Le père Francéson était fécond en saillies amusantes, et quand il rencontrait un chantier d’ouvriers, il plantait en terre son grand bâton ferré et se tenait derrière eux, raillant celui-ci, encourageant celui-là, et racontant l’histoire des vieilles familles du pays. Il faisait ainsi passer une heure ou deux, pendant lesquelles on ne s’apercevait pas que la terre était dure et le soleil ardent. Il vint nous trouver un jour dans les landes, au sommet du plateau du Catalan, qui domine une partie du département. Sur les bords de la lande qu’on fauchait passe une route qui va de Nogaro à Estang. Je causais avec lui, lorsque nous aperçûmes une voiture qui montait la côte. C’était une calèche élégante qui sortait évidemment des ateliers du meilleur carrossier de Toulouse ou de Bordeaux. Elle était attelée de deux magnifiques bais-bruns normands et conduite par un domestique en livrée.

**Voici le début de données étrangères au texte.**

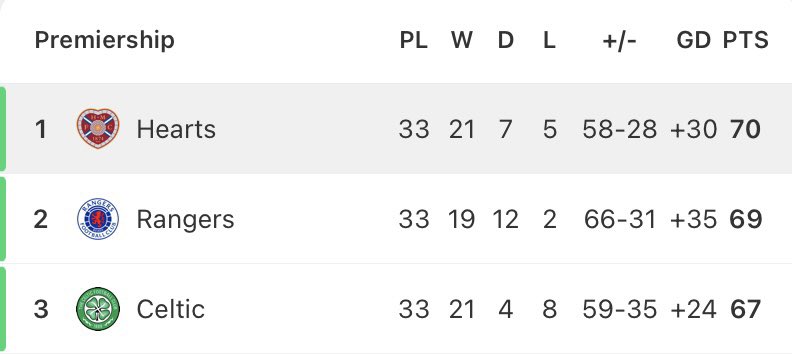 The European Football Express tweet media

Au fond de la calèche se trouvait une vieille dame vêtue de noir. Sa figure, pâle et intelligente, était encadrée par de longs bandeaux de cheveux blancs qui faisaient ressortir la vivacité de deux yeux noirs d’une beauté encore remarquable. À côté d’elle, une demoiselle rousse, simplement habillée, avait toutes les apparences d’une gouvernante anglaise. Ce qui rendait cette supposition probable, c’était la présence de deux enfans sur le devant de la calèche, deux petites filles dont l’aînée pouvait avoir dix ans, toutes deux blondes, charmantes et mises avec une élégance pleine de goût. Quand la voiture passa auprès de nous, la vieille dame se souleva un peu, et, saluant des yeux et de la tête, elle dit en patois : « Bonjour, Francéson. — Bonjour, Ménine, » répondit celui-ci.

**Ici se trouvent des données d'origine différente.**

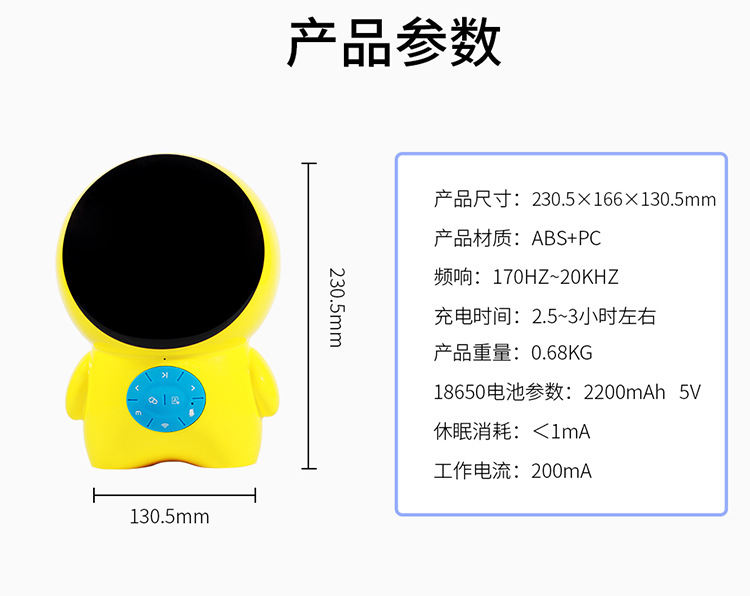 详情页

La voiture continua sa route.

J’entendis autour de moi des ouvriers qui disaient : C’est Mme  de La Roumega. Quoique je n’eusse pas l’honneur de connaître cette dame, la plus grande propriétaire sans contredit de tout l’Armagnac, j’avais pensé que c’était elle ; mais ce qui m’avait étonné, c’était le ton délibéré et presque paternel que le mendiant avait pris en lui disant : Bonjour, Ménine.

— Vous connaissez Mme  de La Roumega ? lui dis-je.

— Sans doute, me répondit-il d’un ton légèrement narquois.

— Il y a longtemps ?

— Je mentirais, si je disais que je l’ai vue naître, mais j’ai assisté au mariage de son père et de sa mère. Je puis même dire que si elle se promène aujourd’hui en carrosse, c’est un peu à moi qu’elle le

  1. Dans le bassin de la Garonne et de l’Adour, le mot drôle a une acception toute particulière : il est des deux genres et signifie jeune garçon ou jeune fille. Il ne se prend pas en mauvaise part.